Some Notable Cases of Demographic Bias

Racial and gender bias has been observed since the first Face Recognition Vendor Test 2002 was issued by NIST. Concerns regarding a somewhat similar issue of own-race bias in facial recognition were voiced even earlier by Valentine, Chiroro and Dixon in 1995 — just two years after the launch of the FERET program.

In 2018 Joy Buolamwini built a special dataset of 1,270 images of politicians to test gender fairness. The dataset was run through 3 systems by Megvii, Microsoft, and IBM. The test results showed significant gender misidentification: 7% of lighter-skinned females, 12% of darker-skinned males, and 35% darker-skinned females.

Another experiment exploring racial and gender bias in biometric security took place in 2019. MIT researcher Joy Buolamwini’s study revealed that Amazon Rekognition system had a 19% error rate at recognizing genders of lighter-skinned people while a higher error rate of 31% was observed in the recognition of darker-skinned people.

American Civil Liberties Union claimed in 2018 that Rekognition made 28 false matches

In 2020 the same system was tested again by Comparitech. Authors compared headshots of American and British politicians to the images from the Jailbase.com mugshot database. As a result, the system erroneously matched 32 US Congresspersons and misidentified 73 UK politicians. Considering that Amazon Rekognition is employed by law enforcement and the likes of Thorn.org, the test results turned out rather unsatisfactory.

Mugshots retrieved from Jailbase (dot) com

Methodology & Experiments

As a response to this issue, some methodologies are proposed to increase fairness in face recognition systems, while also preserving their integrability.

Individual fairness methodology

The core idea of this approach is to introduce the individual fairness notation, which is presented in the Fairness Through Awareness concept.
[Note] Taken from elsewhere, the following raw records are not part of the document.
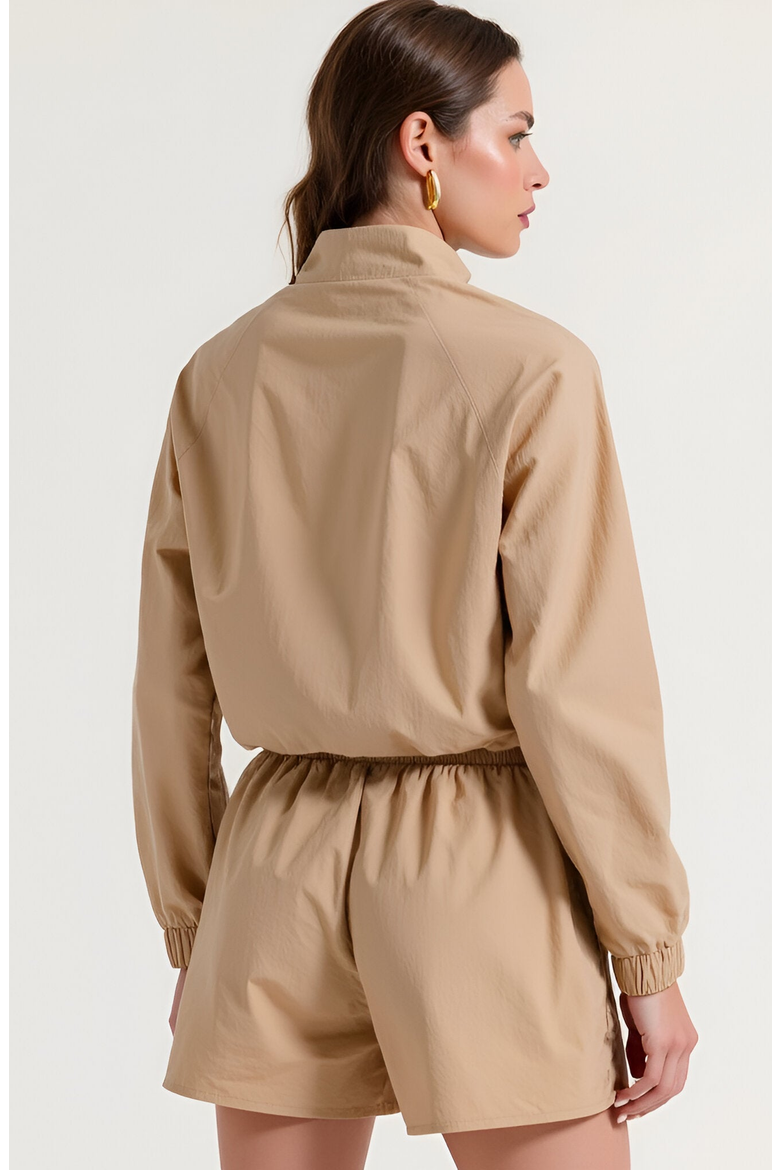 Cropped Zip Front Jacket and High Waist Drawstring Shorts Set, Alternate, color, Tan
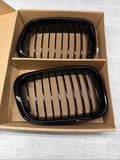 NEW BMW 00-02 E46 Sedan Front Kidney Grilles Gloss Black Set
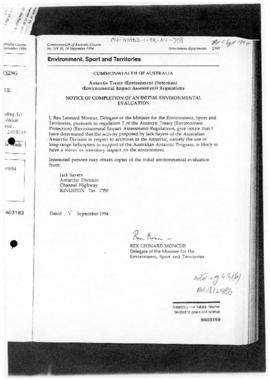 Commonwealth of Australia Gazette, Antarctic Treaty (Environment Protection) (Environmental Impac...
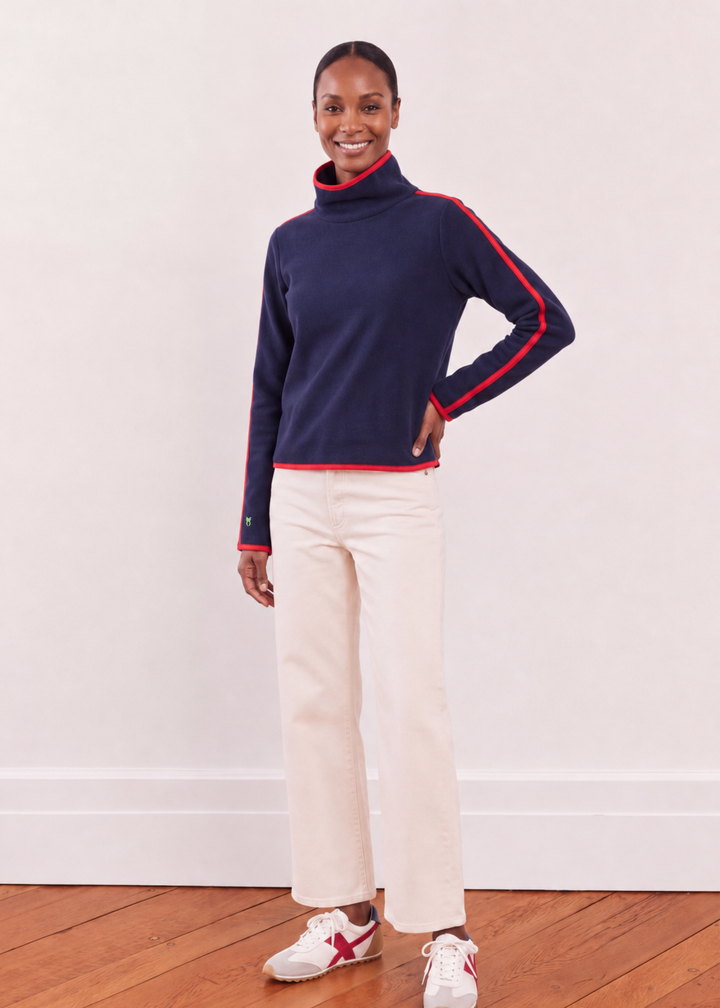 Park Slope with Tipping in Vello Fleece (Navy/Red)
The idea implies that similar individuals — for example those who share resemblance in biometric features — should be treated similarly. As a main solution a novel fair group-based score normalization method is proposed, which focuses on individuality rather than a certain demographic group.

The method employs vector quantization, namely a K-means clustering algorithm. The solution comprises:

A set of face embeddings: X = (Xtrain ∪ Xtest).
Corresponding identity information: y = (ytrain ∪ ytest).

The K-means cluster is trained on Xtrain, which allows splitting embedding space into K clusters. Along with computing a false match rate threshold and estimating the normalized comparison score, this enables the computation of the corresponding genuine and fake samples pertaining to the same identity.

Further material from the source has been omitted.